The French virologist Luc Montagnier, Nobel Prize in Medicine in 2008, together with Françoise Barré-Sinoussi, after having achieved isolate human immunodeficiency virus for the first time (HIV), which causes the disease AIDS, died in Neuilly-sur-Seine (Paris) on Tuesday at the age of 89, French media announced Thursday. Montagnier received, in the year 2000, the Prince of Asturias Award for Scientific and Technical Research, shared with Robert Gallo.

Between 1980 and 1984, he and his team from the Pasteur Institute of Paris isolated numerous human retroviruses from patients with sexual infections, hemophiliacs, mothers who had transmitted it to their children, and infected persons in blood transfusions.

In 1983 they managed to isolate a virus that they initially called VAL (virus associated with lymphadenopathy) and that was later identified as the virus that causes AIDS and ended up being called HIV. The Nobel Prize in Medicine was shared with Harald zur Hausen, discoverer of the human papilloma virus that cause cervical cancer.

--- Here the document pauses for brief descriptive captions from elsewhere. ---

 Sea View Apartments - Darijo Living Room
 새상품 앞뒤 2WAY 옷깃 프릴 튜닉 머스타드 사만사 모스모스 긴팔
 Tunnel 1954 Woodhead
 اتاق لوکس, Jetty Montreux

In his later years, Montagnier’s prestige had been clouded by his anti-vaccine position.

A 20th century discovery

The identification of HIV in 1983 was one of the greatest scientific discoveries of the 20th century. The AIDS disease was claiming the lives of people all over the world (it has since caused more than 35 million deaths). A year later, the American team Robert Gallo confirmed the discovery of the virus and that it was the cause of AIDS.

In fact, for many years there was a strong dispute over who had first isolated the virus. Finally, it was concluded that Montagnier had isolated HIV, but that was Gallo’s team showed that the virus was the cause of AIDS.

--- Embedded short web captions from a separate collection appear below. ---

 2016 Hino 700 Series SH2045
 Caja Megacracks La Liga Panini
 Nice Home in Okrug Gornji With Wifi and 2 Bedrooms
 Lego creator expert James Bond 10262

An outcast of the scientific community

Montagnier, despite his achievements, has become in recent years a pariah of the scientific community for his criticism of vaccines. In fact, he went so far as to say that the covid-19 vaccines were creating new variants of the virus, something that is not possible, among other things, because the first variants emerged before the massive vaccination campaigns. The Frenchman went so far as to say that “the unvaccinated will save humanity.”

Related news

As the French outlet ‘Libération’ recalls, this drift of an eminent scientist began in the 2000s, when he defended the fermented papaya as a treatment for Parkinson’s disease. In 2009, a year after receiving the Nobel Prize, Montagnier defended the idea that a good immune system can wipe out HIV “in a few weeks” and what a good diet rich in antioxidants You can be exposed to the virus without becoming chronically infected.

He also said that the autism spectrum disorders They are bacterial in origin and can be treated with antibiotics. In 2017, she defended several anti-vaccine theses, linking vaccination to sudden infant death syndrome, something that has long been invalidated by scientific research. Academics of medicine and science then criticized him for “disseminating, outside the field of his competence, dangerous messages for health, in defiance of the ethics that should govern science and medicine.”